Give the data again in full, without pictures.

BEGIN Information provided

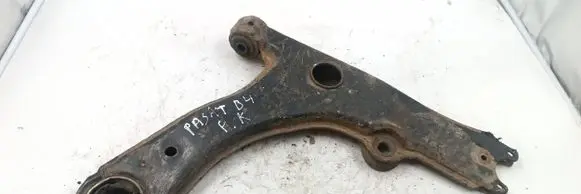 Volkswagen PASSAT B4 Front lower control arm/wishbone 357407159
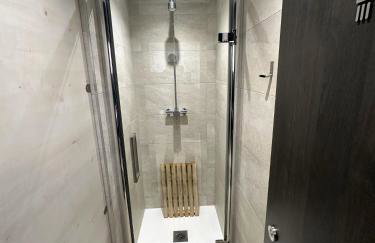 BrightOwl Waterside Narrowboat Cottage Experience - Foto 35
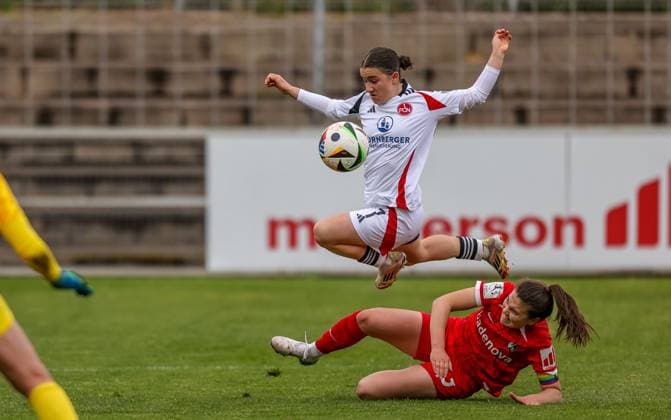 GER, Freiburg, SC Freiburg II vs FC Nürnberg, 2. Frauen Bundesliga, Fussball, DFB, Spielzeit 2024 2025, Möslestadion, 22. Spieltag, im Bild v.l.: Marina Scholz (FC Nürnberg 7), Leonie Lorenz (SC Freiburg II 5) DFB DFL REGULATIONS PROHIBIT ANY USE OF PHOTOGRAPHS AS IMAGE SEQUENCES AND OR QUASI-VIDEO, 20.04.2025, Copyright: HMBxMedia HendrikxHamelau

END Information provided

• Completed exercise:
 Volkswagen PASSAT B4 Front lower control arm/wishbone 357407159
 BrightOwl Waterside Narrowboat Cottage Experience - Foto 35
 GER, Freiburg, SC Freiburg II vs FC Nürnberg, 2. Frauen Bundesliga, Fussball, DFB, Spielzeit 2024 2025, Möslestadion, 22. Spieltag, im Bild v.l.: Marina Scholz (FC Nürnberg 7), Leonie Lorenz (SC Freiburg II 5) DFB DFL REGULATIONS PROHIBIT ANY USE OF PHOTOGRAPHS AS IMAGE SEQUENCES AND OR QUASI-VIDEO, 20.04.2025, Copyright: HMBxMedia HendrikxHamelau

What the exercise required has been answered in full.